- [WHAT YOU WILL DO]
Please restate every line below exactly, without any pictures.

- [DATA BLOCK]
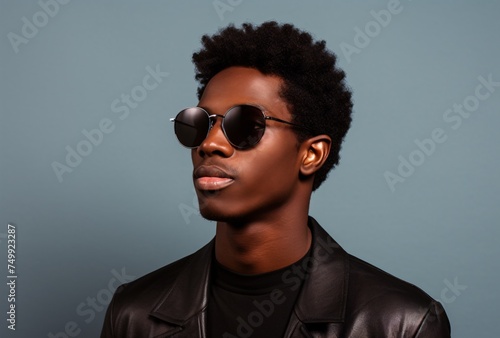 a black man wearing sunglasses on a gray background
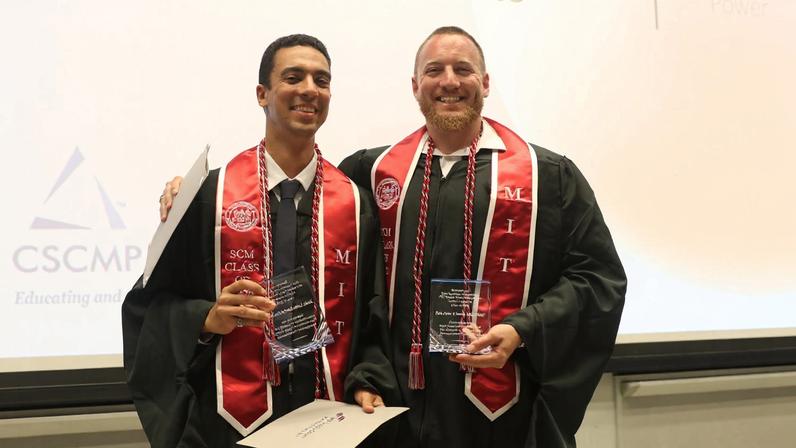 Recent MIT Supply Chain Management students Yassine Lahlou-Kamal MAP ’25 (left) and Kevin Power MAP ’25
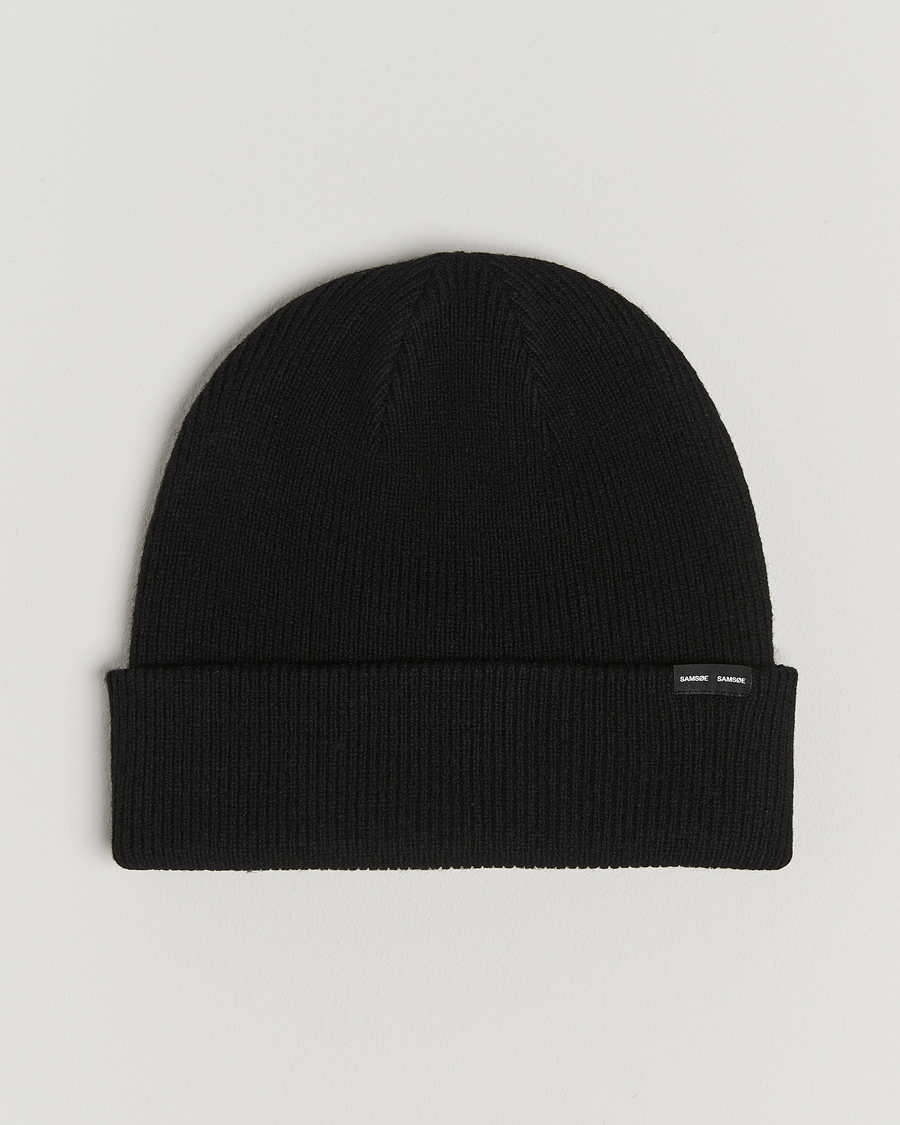 Herren | Samsøe Samsøe The Wool Beanie Black | Samsøe Samsøe | The Wool Beanie Black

- [EXERCISE SOLUTION]
 a black man wearing sunglasses on a gray background
 Recent MIT Supply Chain Management students Yassine Lahlou-Kamal MAP ’25 (left) and Kevin Power MAP ’25
 Herren | Samsøe Samsøe The Wool Beanie Black | Samsøe Samsøe | The Wool Beanie Black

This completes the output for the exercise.